(Dataset records)
____________
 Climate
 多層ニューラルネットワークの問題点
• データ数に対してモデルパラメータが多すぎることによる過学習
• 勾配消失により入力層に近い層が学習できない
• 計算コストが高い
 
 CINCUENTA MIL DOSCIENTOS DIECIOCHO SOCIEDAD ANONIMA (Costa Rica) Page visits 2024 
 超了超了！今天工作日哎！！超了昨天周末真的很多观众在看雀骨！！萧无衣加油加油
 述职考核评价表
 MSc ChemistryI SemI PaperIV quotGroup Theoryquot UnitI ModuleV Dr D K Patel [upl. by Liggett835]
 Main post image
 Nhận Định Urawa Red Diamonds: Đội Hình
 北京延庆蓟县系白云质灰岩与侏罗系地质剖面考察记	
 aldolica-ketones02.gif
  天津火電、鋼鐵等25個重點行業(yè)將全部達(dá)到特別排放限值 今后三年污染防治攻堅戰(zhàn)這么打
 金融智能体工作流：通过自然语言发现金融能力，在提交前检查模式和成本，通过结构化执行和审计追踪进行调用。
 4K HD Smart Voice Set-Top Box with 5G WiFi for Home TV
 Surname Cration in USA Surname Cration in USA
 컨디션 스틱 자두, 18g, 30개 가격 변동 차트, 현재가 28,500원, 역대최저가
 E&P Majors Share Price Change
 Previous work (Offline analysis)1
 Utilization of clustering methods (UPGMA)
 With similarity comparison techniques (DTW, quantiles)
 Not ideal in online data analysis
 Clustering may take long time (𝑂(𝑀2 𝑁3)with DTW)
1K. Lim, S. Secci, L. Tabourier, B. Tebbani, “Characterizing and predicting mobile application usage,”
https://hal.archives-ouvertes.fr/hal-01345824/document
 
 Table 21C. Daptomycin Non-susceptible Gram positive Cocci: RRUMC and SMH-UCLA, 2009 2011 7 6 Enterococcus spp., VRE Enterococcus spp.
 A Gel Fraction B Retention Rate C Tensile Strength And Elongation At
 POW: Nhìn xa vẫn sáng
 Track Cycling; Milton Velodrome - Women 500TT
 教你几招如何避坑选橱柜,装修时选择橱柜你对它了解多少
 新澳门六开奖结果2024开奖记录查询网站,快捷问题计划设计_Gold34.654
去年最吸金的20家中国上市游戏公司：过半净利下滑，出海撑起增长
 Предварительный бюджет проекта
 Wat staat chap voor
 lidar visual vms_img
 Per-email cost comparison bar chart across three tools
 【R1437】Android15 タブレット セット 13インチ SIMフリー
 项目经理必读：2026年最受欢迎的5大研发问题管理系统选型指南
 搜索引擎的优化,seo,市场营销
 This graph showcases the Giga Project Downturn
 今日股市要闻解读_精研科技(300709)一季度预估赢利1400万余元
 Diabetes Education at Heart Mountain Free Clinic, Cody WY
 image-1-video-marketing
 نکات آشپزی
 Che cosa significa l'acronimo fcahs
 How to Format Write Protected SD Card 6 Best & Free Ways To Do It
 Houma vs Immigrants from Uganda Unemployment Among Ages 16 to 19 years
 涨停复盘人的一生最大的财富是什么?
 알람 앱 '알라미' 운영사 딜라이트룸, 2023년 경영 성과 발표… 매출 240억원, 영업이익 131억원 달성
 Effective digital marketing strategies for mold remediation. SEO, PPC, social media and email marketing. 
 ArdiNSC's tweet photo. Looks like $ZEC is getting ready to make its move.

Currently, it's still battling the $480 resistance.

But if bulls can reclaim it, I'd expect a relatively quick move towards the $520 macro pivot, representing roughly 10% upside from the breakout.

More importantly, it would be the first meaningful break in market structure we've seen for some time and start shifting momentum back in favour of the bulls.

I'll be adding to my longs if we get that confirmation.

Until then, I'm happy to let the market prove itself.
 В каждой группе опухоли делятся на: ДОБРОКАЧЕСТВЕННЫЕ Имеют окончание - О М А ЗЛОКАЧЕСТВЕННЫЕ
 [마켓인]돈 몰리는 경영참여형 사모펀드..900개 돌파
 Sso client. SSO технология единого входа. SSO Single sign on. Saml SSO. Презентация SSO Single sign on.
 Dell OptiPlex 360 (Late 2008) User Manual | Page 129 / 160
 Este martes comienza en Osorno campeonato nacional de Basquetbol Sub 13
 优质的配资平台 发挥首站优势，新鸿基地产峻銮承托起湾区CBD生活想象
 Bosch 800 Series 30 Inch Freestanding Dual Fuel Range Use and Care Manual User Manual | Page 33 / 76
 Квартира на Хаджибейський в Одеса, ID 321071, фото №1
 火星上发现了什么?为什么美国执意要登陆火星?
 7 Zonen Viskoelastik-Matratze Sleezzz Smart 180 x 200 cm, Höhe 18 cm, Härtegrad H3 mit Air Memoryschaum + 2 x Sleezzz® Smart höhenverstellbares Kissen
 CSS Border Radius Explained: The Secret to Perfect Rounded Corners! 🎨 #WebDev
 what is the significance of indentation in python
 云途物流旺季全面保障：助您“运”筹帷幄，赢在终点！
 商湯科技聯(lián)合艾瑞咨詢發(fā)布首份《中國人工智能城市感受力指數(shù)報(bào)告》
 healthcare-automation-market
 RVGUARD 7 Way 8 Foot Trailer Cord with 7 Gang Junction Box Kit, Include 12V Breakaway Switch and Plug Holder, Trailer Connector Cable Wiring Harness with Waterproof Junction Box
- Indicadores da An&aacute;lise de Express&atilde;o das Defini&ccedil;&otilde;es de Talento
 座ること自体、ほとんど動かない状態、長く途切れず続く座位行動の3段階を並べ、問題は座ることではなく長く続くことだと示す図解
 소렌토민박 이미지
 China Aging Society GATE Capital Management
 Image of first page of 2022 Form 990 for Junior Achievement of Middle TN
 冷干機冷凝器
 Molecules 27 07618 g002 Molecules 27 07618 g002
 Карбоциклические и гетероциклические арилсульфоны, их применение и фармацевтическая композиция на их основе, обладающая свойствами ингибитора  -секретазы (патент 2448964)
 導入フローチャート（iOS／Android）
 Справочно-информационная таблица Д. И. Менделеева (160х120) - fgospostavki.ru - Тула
____________
• _Directions for this task_:
The data above needs to be repeated exactly, line for line.

• _Result of this task_:
 Climate
 多層ニューラルネットワークの問題点
• データ数に対してモデルパラメータが多すぎることによる過学習
• 勾配消失により入力層に近い層が学習できない
• 計算コストが高い
 
 CINCUENTA MIL DOSCIENTOS DIECIOCHO SOCIEDAD ANONIMA (Costa Rica) Page visits 2024 
 超了超了！今天工作日哎！！超了昨天周末真的很多观众在看雀骨！！萧无衣加油加油
 述职考核评价表
 MSc ChemistryI SemI PaperIV quotGroup Theoryquot UnitI ModuleV Dr D K Patel [upl. by Liggett835]
 Main post image
 Nhận Định Urawa Red Diamonds: Đội Hình
 北京延庆蓟县系白云质灰岩与侏罗系地质剖面考察记	
 aldolica-ketones02.gif
  天津火電、鋼鐵等25個重點行業(yè)將全部達(dá)到特別排放限值 今后三年污染防治攻堅戰(zhàn)這么打
 金融智能体工作流：通过自然语言发现金融能力，在提交前检查模式和成本，通过结构化执行和审计追踪进行调用。
 4K HD Smart Voice Set-Top Box with 5G WiFi for Home TV
 Surname Cration in USA Surname Cration in USA
 컨디션 스틱 자두, 18g, 30개 가격 변동 차트, 현재가 28,500원, 역대최저가
 E&P Majors Share Price Change
 Previous work (Offline analysis)1
 Utilization of clustering methods (UPGMA)
 With similarity comparison techniques (DTW, quantiles)
 Not ideal in online data analysis
 Clustering may take long time (𝑂(𝑀2 𝑁3)with DTW)
1K. Lim, S. Secci, L. Tabourier, B. Tebbani, “Characterizing and predicting mobile application usage,”
https://hal.archives-ouvertes.fr/hal-01345824/document
 
 Table 21C. Daptomycin Non-susceptible Gram positive Cocci: RRUMC and SMH-UCLA, 2009 2011 7 6 Enterococcus spp., VRE Enterococcus spp.
 A Gel Fraction B Retention Rate C Tensile Strength And Elongation At
 POW: Nhìn xa vẫn sáng
 Track Cycling; Milton Velodrome - Women 500TT
 教你几招如何避坑选橱柜,装修时选择橱柜你对它了解多少
 新澳门六开奖结果2024开奖记录查询网站,快捷问题计划设计_Gold34.654
去年最吸金的20家中国上市游戏公司：过半净利下滑，出海撑起增长
 Предварительный бюджет проекта
 Wat staat chap voor
 lidar visual vms_img
 Per-email cost comparison bar chart across three tools
 【R1437】Android15 タブレット セット 13インチ SIMフリー
 项目经理必读：2026年最受欢迎的5大研发问题管理系统选型指南
 搜索引擎的优化,seo,市场营销
 This graph showcases the Giga Project Downturn
 今日股市要闻解读_精研科技(300709)一季度预估赢利1400万余元
 Diabetes Education at Heart Mountain Free Clinic, Cody WY
 image-1-video-marketing
 نکات آشپزی
 Che cosa significa l'acronimo fcahs
 How to Format Write Protected SD Card 6 Best & Free Ways To Do It
 Houma vs Immigrants from Uganda Unemployment Among Ages 16 to 19 years
 涨停复盘人的一生最大的财富是什么?
 알람 앱 '알라미' 운영사 딜라이트룸, 2023년 경영 성과 발표… 매출 240억원, 영업이익 131억원 달성
 Effective digital marketing strategies for mold remediation. SEO, PPC, social media and email marketing. 
 ArdiNSC's tweet photo. Looks like $ZEC is getting ready to make its move.

Currently, it's still battling the $480 resistance.

But if bulls can reclaim it, I'd expect a relatively quick move towards the $520 macro pivot, representing roughly 10% upside from the breakout.

More importantly, it would be the first meaningful break in market structure we've seen for some time and start shifting momentum back in favour of the bulls.

I'll be adding to my longs if we get that confirmation.

Until then, I'm happy to let the market prove itself.
 В каждой группе опухоли делятся на: ДОБРОКАЧЕСТВЕННЫЕ Имеют окончание - О М А ЗЛОКАЧЕСТВЕННЫЕ
 [마켓인]돈 몰리는 경영참여형 사모펀드..900개 돌파
 Sso client. SSO технология единого входа. SSO Single sign on. Saml SSO. Презентация SSO Single sign on.
 Dell OptiPlex 360 (Late 2008) User Manual | Page 129 / 160
 Este martes comienza en Osorno campeonato nacional de Basquetbol Sub 13
 优质的配资平台 发挥首站优势，新鸿基地产峻銮承托起湾区CBD生活想象
 Bosch 800 Series 30 Inch Freestanding Dual Fuel Range Use and Care Manual User Manual | Page 33 / 76
 Квартира на Хаджибейський в Одеса, ID 321071, фото №1
 火星上发现了什么?为什么美国执意要登陆火星?
 7 Zonen Viskoelastik-Matratze Sleezzz Smart 180 x 200 cm, Höhe 18 cm, Härtegrad H3 mit Air Memoryschaum + 2 x Sleezzz® Smart höhenverstellbares Kissen
 CSS Border Radius Explained: The Secret to Perfect Rounded Corners! 🎨 #WebDev
 what is the significance of indentation in python
 云途物流旺季全面保障：助您“运”筹帷幄，赢在终点！
 商湯科技聯(lián)合艾瑞咨詢發(fā)布首份《中國人工智能城市感受力指數(shù)報(bào)告》
 healthcare-automation-market
 RVGUARD 7 Way 8 Foot Trailer Cord with 7 Gang Junction Box Kit, Include 12V Breakaway Switch and Plug Holder, Trailer Connector Cable Wiring Harness with Waterproof Junction Box
- Indicadores da An&aacute;lise de Express&atilde;o das Defini&ccedil;&otilde;es de Talento
 座ること自体、ほとんど動かない状態、長く途切れず続く座位行動の3段階を並べ、問題は座ることではなく長く続くことだと示す図解
 소렌토민박 이미지
 China Aging Society GATE Capital Management
 Image of first page of 2022 Form 990 for Junior Achievement of Middle TN
 冷干機冷凝器
 Molecules 27 07618 g002 Molecules 27 07618 g002
 Карбоциклические и гетероциклические арилсульфоны, их применение и фармацевтическая композиция на их основе, обладающая свойствами ингибитора  -секретазы (патент 2448964)
 導入フローチャート（iOS／Android）
 Справочно-информационная таблица Д. И. Менделеева (160х120) - fgospostavki.ru - Тула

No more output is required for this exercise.